Drink responsibly: Land Mines makes you drink faster the worse you're doing, so blunt that loop: use light beer or alternate alcoholic cans with soda or water cans - The crushed-can mines work identically. Keep penalty counts short, file down any sharp crushed edges underfoot, and let anyone switch to spectator-and-slammer duty whenever they're done drinking. See our safety guide for pacing tips and alcohol-free versions.

Land Mines FAQ

What exactly is a land mine in this game?
A finished beer can, crushed flat. Once you empty your can, you crush it and keep it in front of you as a single-use weapon: at any moment, you may slam it down on top of another player's spinning quarter, instantly killing their spin and forcing a penalty drink plus a re-spin. Mines are the whole personality of the game - Quarters is the engine, but the mines are the fun.
Can you drink for as long as you want during your spin?
Yes - That's the core gamble. You may drink only while your own quarter is spinning, but how long you drink is entirely your call. Milk a strong spin for a big pull, or take a quick sip and grab early. The catch is that every extra second drinking is an extra second for the spin to die or a mine to drop, and both cost you a penalty and a re-spin.
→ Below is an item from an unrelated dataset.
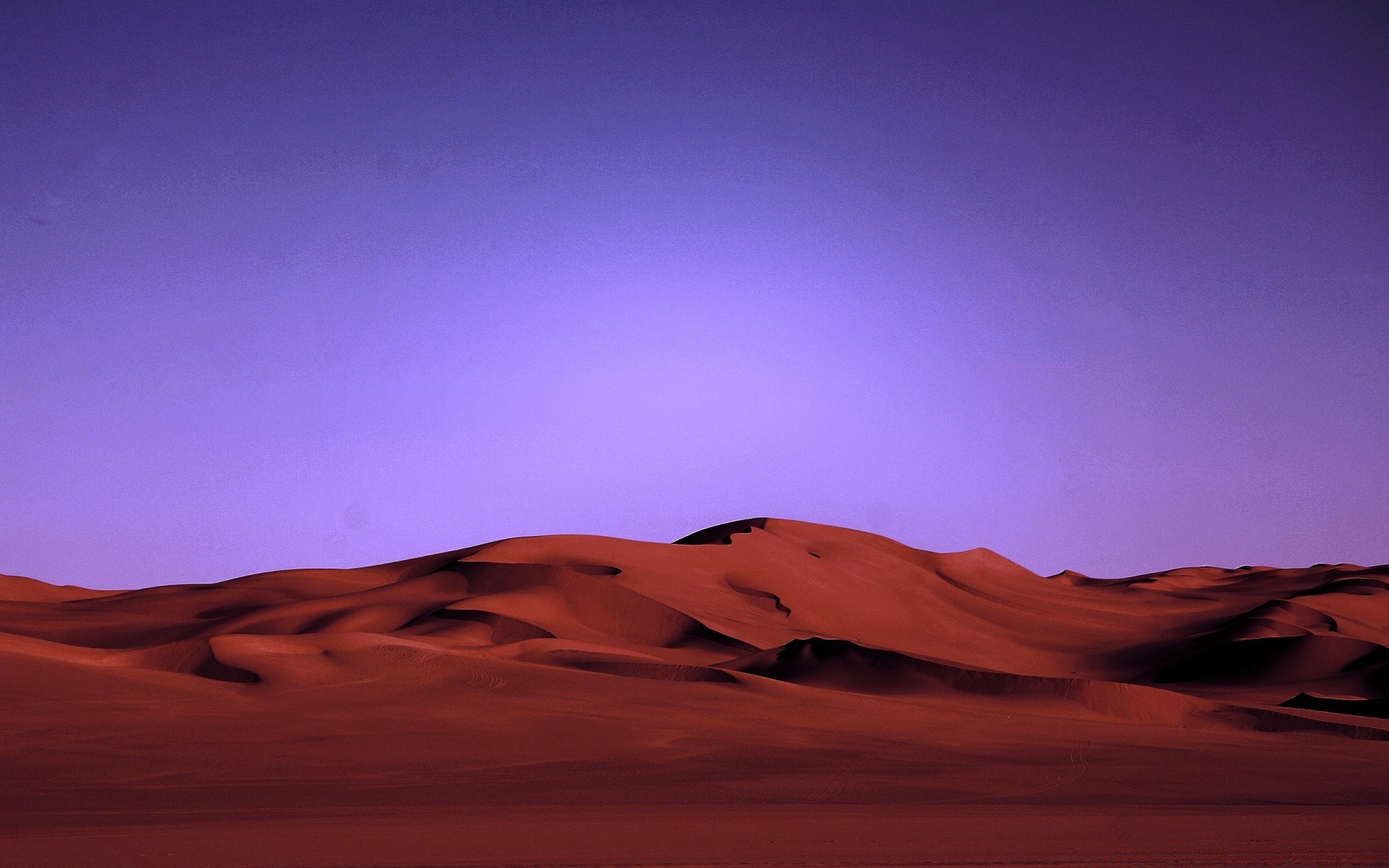 deserto pôr do sol duna amanhecer estéril noite arid céu areia ao ar livre viajar quente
What happens when you get mined?
Your spin is dead, so your turn crashes: stop drinking immediately, take the agreed penalty (the standard is drinking for a slow three-count), and spin again. Note the loop - Being mined makes you drink more, which empties your can faster, which eventually arms you with a mine of your own. The game balances itself by turning its victims into its next attackers.
How many people should play Land Mines?
Three to eight works, with four to six the sweet spot. You need at least three so there's always a third party free to slam mines while one player spins. Past eight, the spin zone gets crowded and turns come around slowly - Split into two tables and merge the survivors for a finals table, which is a genuinely great party format.
Do you have to use beer cans?
You need cans, but not necessarily beer - The mine mechanic runs on crushable aluminum, so seltzers, sodas and non-alcoholic beers all work identically, and mixed tables with some players on soda are completely seamless. What you can't easily use is bottles or cups: nothing crushes, so nothing arms, and the game collapses back into ordinary quarters.